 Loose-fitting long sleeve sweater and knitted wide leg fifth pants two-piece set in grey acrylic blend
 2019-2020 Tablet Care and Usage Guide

...

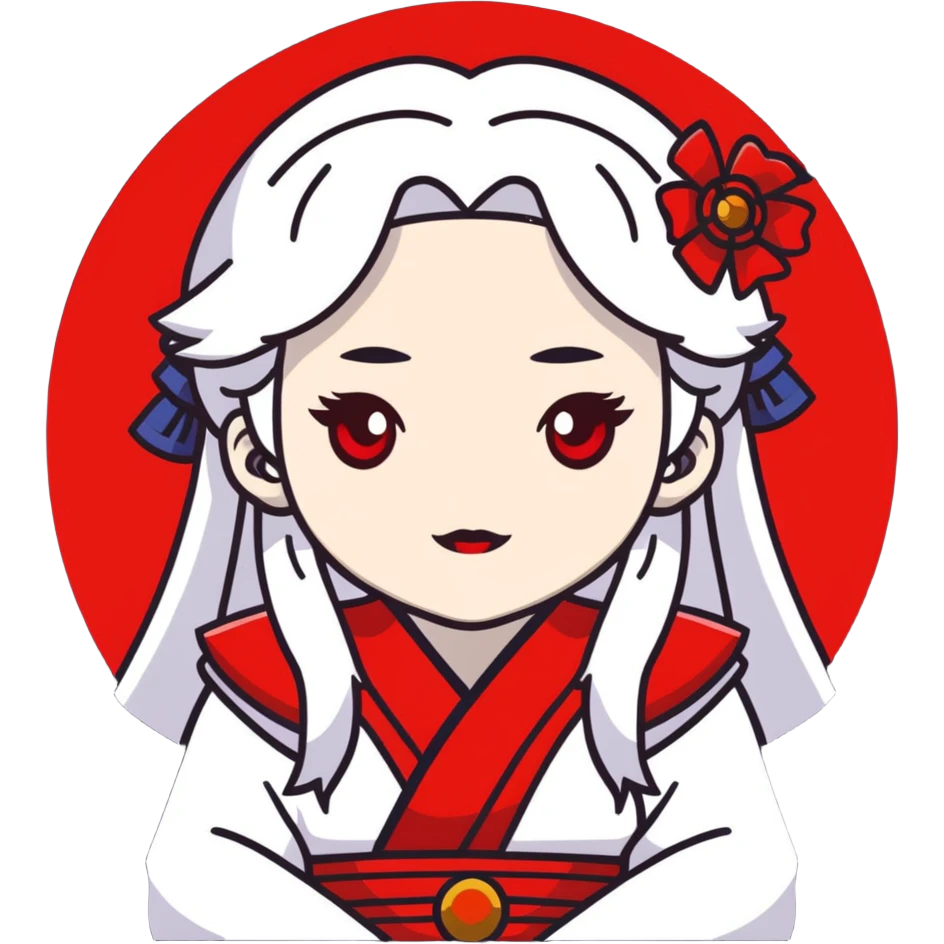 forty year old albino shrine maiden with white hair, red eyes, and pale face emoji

Action item = Produce a word-for-word copy of everything above from the line holding "Loose-fitting long sleeve" down to the line holding "2019-2020 Tablet Care and Usage Guide", with both of those lines kept.

The completed task =
 Loose-fitting long sleeve sweater and knitted wide leg fifth pants two-piece set in grey acrylic blend
 2019-2020 Tablet Care and Usage Guide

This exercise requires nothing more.